╭──

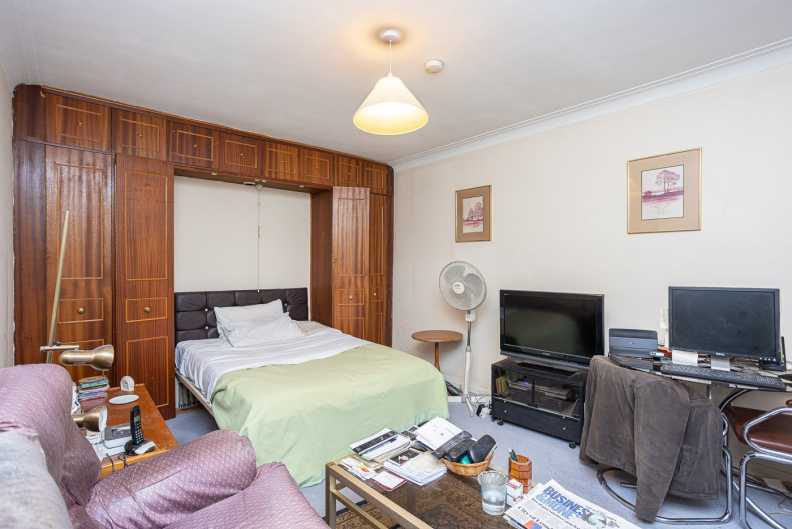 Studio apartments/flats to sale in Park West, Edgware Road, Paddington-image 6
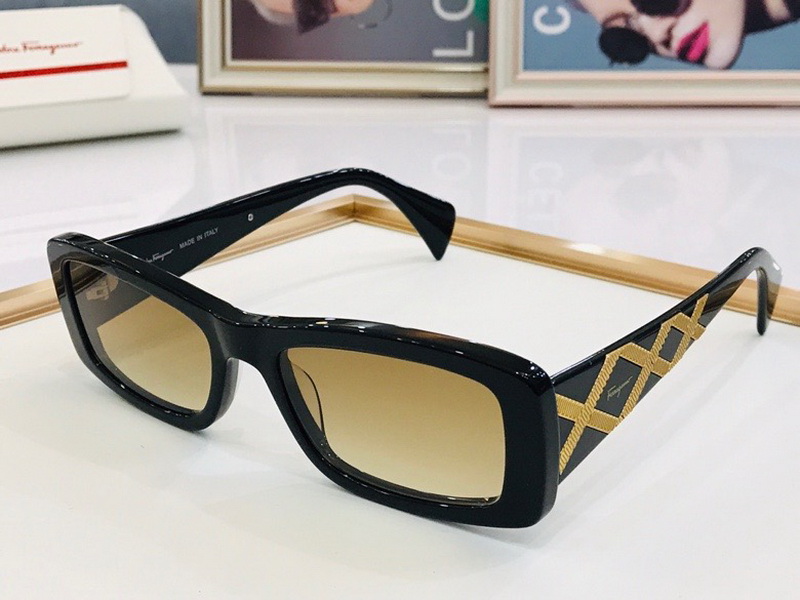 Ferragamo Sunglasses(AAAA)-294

╰──
╭──

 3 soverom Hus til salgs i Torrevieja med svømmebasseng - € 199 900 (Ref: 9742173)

╰──

**ACTIVITY:**
Since the pictures are not part of the copy, please transcribe only the lines above from the one with "Studio apartments/flats to" through the one with "Ferragamo Sunglasses(AAAA)-294", exactly and with both ends.

**WRITTEN SOLUTION:**
 Studio apartments/flats to sale in Park West, Edgware Road, Paddington-image 6
 Ferragamo Sunglasses(AAAA)-294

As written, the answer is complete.